Solar Panel

Solar Technology Got Cheaper and Better in the 2010s. Now What?

No other power-generation technology matched solar’s pace of cost reduction this past decade. The game will change again in the 2020s.

The cost of multi-silicon solar modules fell from $2 per watt to just over $0.20/W during the 2010s.

Solar energy grew by leaps and bounds in the 2010s. According to Wood Mackenzie, global annual solar installations grew more than six-fold this past decade, from 16 gigawatts in 2010 to 105 gigawatts in 2019.

In the meantime, multi-silicon solar module prices dropped from over $2 per watt to just over $0.20 per watt in Q3 2019. That 90 percent price reduction is one of the most critical factors driving the global expansion of solar.

No other electricity generation technologies have been able to keep up with solar’s pace of cost reduction over this period.
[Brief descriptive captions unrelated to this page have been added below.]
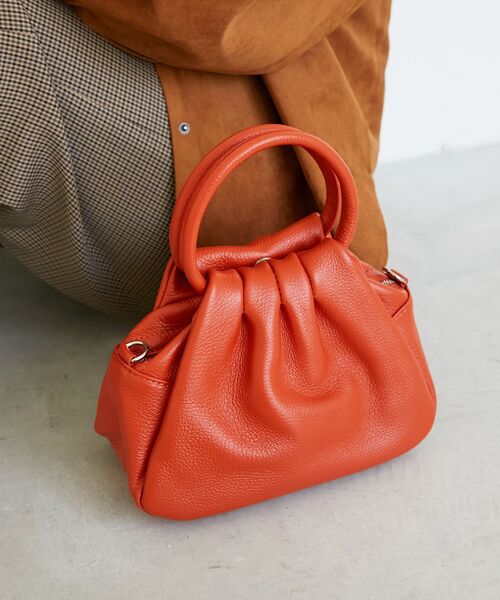 le.coeur blanc（ルクールブラン）の「MILLELA FIRENZEギャザーショルダーバッグ（ショルダーバッグ・レディース・オレンジ/オフホワイト/ブラック・FREE）」の3枚目の写真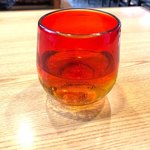 とんかつ春 - 可愛らしいグラスで飲めるのも最後。
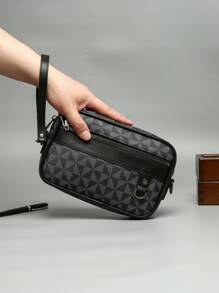 时尚拼色风车图案男士单肩包，便携斜挎包，适合工作或购物 随机拉链侧包 返校学生通勤时尚夏季包 学校用品 男士单肩包 男士包 斜挎包 侧包 秋季信使包 男士包 圆筒包 旧款万圣节 男士圣诞礼物 尖叫男士包 冬季 - 黑色 - 查看 4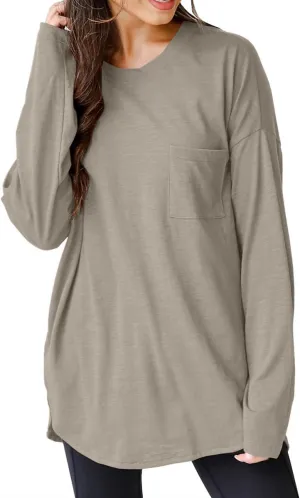 Wihion Women Oversized Long Sleeve T-Shirts Cotton Casual Crewneck Solid Tunic Tops with Pocket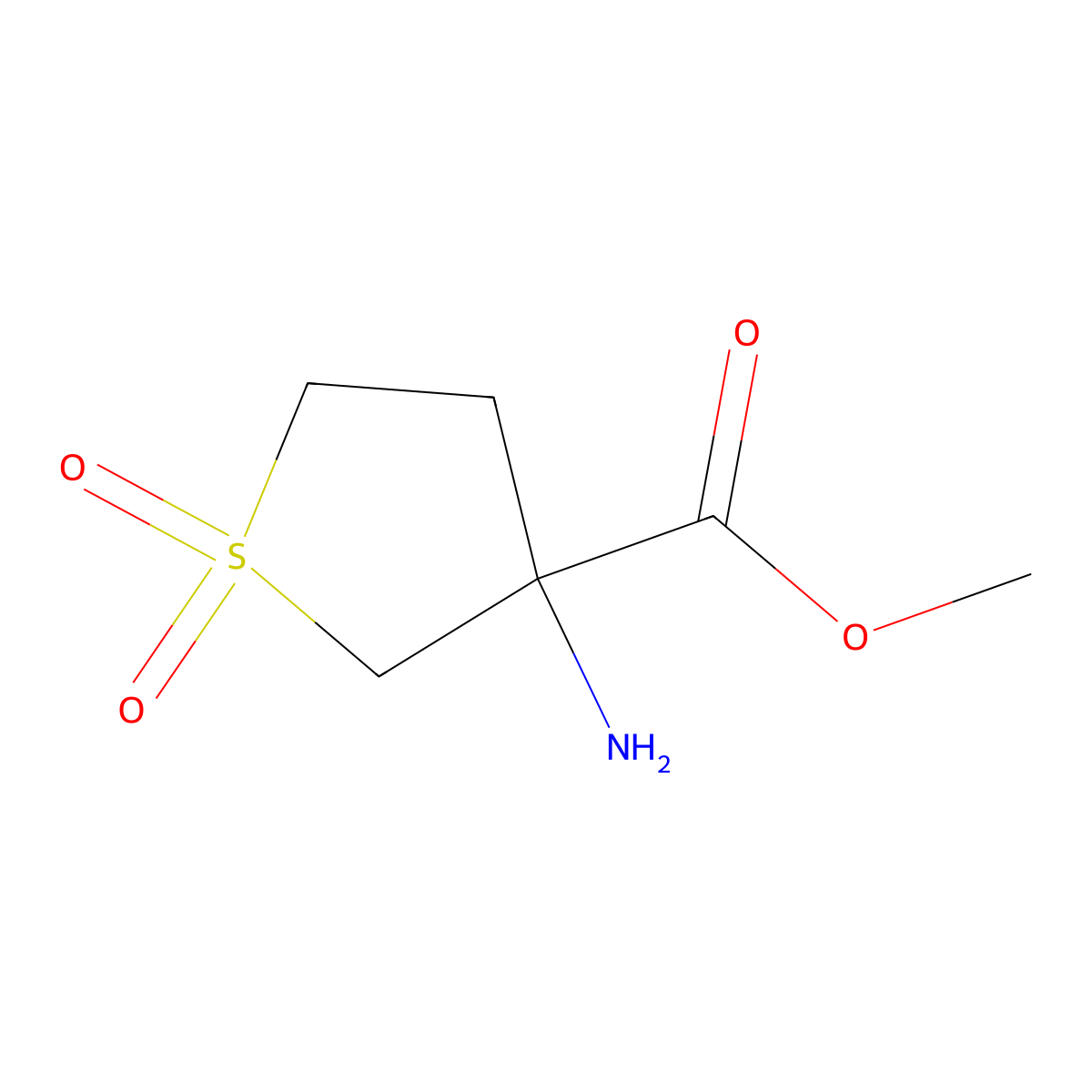Methyl 3-amino-1,1-dioxo-1lambda6-thiolane-3-carboxylate molecular structure, CAS 1343433-31-7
The U.S. Energy Information Administration (EIA)’s data show that the overnight capital cost required to build new onshore wind and conventional natural gas combined cycle power plants in the U.S. decreased by 38 percent and 2 percent, respectively, between 2010 and 2018.

In the meantime, the cost to build combustion turbine plants has gone up by 11 percent. The same unfavorable economics has led to very few new coal plant constructions in the second half of the 2010s.

The main reason solar modules have become increasingly cost-competitive is due to economies-of-scale production along the entire supply chain. Global polysilicon production capacity grew more than four-fold this past decade, while the price of polysilicon, the primary feedstock for solar module production, declined from over $80 in 2010 to just $8.40 in 2019.

Similarly, accompanying the steep module price decline was a five-fold increase in the global module production capacity. Wafer and solar cell production capacity also experienced huge growth over the decade.

Global solar manufacturing capacity vs. module price, 2010 – 2020ESource: Wood Mackenzie

This supply-chain-wide development created a robust and competitive solar marketplace. Nowadays, successful manufacturers continue to produce at scale while innovating their business models and technology offerings.

In addition to their significant cost decline, solar panels have improved a lot in the past decade.

The average nameplate power output of a standard 72-cell multi silicon module was around 290 watts in 2010. Today, consumers can expect at least 345 watts at one-tenth of the 2010 price. It is like getting the latest iPhone at a 90 percent discount on the old iPhone price. Although that may never happen in the mobile phone market, solar has been seeing better products at lower prices every year for a decade.

The 2010s also witnessed solar modules getting better in a few other ways:

• Higher-efficiency mono silicon-based modules are replacing multi silicon modules to become the predominant module type. • Modules increasingly use advanced cell architectures such as Passivated Emitter and Rear Contact (PERC), Interdigitated Back Contact (IBC), Heterojunction with Intrinsic Thin Layer (HIT), and bifacial cell technologies. • Modules based on large-size wafers (158mm and above) and n-type wafers are gaining market traction. • Innovative module techniques such as half-cuts and shingles are capturing market shares.